• [Action item]:
Write out the following listing's lines from the one with "u11 8 april" to the one with "跨越3700公里，界碑前的这一抱，看哭了……", exactly, with both included and no others.

• [Dataset records]:
--

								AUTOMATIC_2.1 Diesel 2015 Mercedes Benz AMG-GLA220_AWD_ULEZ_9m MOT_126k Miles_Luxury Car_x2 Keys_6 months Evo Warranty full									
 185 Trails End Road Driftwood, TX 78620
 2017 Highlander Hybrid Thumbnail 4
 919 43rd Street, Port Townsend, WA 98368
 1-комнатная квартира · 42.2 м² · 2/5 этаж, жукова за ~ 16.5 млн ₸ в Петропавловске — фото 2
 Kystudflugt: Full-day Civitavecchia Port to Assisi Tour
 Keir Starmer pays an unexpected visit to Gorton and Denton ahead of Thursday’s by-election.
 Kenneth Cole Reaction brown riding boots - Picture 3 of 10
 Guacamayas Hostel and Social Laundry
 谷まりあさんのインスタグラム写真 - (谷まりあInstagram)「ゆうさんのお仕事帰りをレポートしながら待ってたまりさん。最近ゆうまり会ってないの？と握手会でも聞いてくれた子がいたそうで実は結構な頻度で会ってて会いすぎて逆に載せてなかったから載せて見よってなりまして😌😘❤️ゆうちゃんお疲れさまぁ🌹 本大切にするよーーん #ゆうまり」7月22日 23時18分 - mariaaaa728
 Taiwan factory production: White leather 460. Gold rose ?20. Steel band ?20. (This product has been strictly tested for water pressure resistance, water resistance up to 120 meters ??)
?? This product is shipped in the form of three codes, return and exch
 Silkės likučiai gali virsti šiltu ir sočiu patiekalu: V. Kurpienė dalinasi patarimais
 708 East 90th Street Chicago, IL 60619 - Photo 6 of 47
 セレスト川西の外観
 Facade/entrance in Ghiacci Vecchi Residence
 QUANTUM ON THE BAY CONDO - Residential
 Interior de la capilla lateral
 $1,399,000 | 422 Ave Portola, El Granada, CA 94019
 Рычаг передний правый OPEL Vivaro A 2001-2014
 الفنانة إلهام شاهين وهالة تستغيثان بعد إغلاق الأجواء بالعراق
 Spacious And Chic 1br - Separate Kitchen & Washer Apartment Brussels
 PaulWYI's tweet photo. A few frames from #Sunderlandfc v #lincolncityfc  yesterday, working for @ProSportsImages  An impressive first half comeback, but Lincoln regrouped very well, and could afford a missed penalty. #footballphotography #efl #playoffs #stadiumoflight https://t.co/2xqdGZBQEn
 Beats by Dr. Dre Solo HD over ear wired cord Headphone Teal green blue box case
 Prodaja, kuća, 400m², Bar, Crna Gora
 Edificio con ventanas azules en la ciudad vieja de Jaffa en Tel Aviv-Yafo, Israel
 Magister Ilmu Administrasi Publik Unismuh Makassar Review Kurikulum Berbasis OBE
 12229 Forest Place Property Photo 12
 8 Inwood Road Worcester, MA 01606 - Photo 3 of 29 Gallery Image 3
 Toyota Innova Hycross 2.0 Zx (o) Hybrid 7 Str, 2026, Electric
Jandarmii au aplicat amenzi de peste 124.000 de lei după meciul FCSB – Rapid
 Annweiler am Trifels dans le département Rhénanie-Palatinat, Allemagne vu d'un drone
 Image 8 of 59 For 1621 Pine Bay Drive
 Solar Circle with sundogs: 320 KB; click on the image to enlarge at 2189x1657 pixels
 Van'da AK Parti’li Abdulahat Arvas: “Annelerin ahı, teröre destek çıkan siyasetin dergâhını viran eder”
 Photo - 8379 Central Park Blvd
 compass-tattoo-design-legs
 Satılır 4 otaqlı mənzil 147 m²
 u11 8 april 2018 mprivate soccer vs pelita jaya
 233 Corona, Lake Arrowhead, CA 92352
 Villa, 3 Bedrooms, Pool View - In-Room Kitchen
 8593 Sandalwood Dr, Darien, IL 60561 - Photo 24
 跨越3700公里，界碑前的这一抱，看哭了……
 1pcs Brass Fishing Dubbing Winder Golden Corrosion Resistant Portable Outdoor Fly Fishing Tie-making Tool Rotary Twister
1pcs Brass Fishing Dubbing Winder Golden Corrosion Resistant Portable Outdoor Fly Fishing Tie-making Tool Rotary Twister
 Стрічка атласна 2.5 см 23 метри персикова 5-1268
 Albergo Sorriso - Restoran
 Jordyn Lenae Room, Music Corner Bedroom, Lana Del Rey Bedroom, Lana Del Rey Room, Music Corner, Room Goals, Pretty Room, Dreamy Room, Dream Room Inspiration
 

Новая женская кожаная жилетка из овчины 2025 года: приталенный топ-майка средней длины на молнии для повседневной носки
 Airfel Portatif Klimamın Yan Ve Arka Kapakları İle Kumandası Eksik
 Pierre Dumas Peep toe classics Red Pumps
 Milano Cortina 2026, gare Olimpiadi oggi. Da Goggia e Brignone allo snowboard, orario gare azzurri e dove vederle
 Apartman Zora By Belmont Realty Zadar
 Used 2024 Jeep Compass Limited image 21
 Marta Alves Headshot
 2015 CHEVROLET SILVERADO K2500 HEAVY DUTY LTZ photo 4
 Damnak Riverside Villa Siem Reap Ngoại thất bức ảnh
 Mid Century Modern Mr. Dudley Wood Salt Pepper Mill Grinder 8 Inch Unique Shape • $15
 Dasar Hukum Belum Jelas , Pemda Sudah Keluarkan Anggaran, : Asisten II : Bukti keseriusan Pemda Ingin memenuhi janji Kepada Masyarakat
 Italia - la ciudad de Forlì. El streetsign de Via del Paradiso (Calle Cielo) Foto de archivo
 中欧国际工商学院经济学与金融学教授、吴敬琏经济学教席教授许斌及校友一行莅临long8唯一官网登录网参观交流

--

• [Written solution]:
 u11 8 april 2018 mprivate soccer vs pelita jaya
 233 Corona, Lake Arrowhead, CA 92352
 Villa, 3 Bedrooms, Pool View - In-Room Kitchen
 8593 Sandalwood Dr, Darien, IL 60561 - Photo 24
 跨越3700公里，界碑前的这一抱，看哭了……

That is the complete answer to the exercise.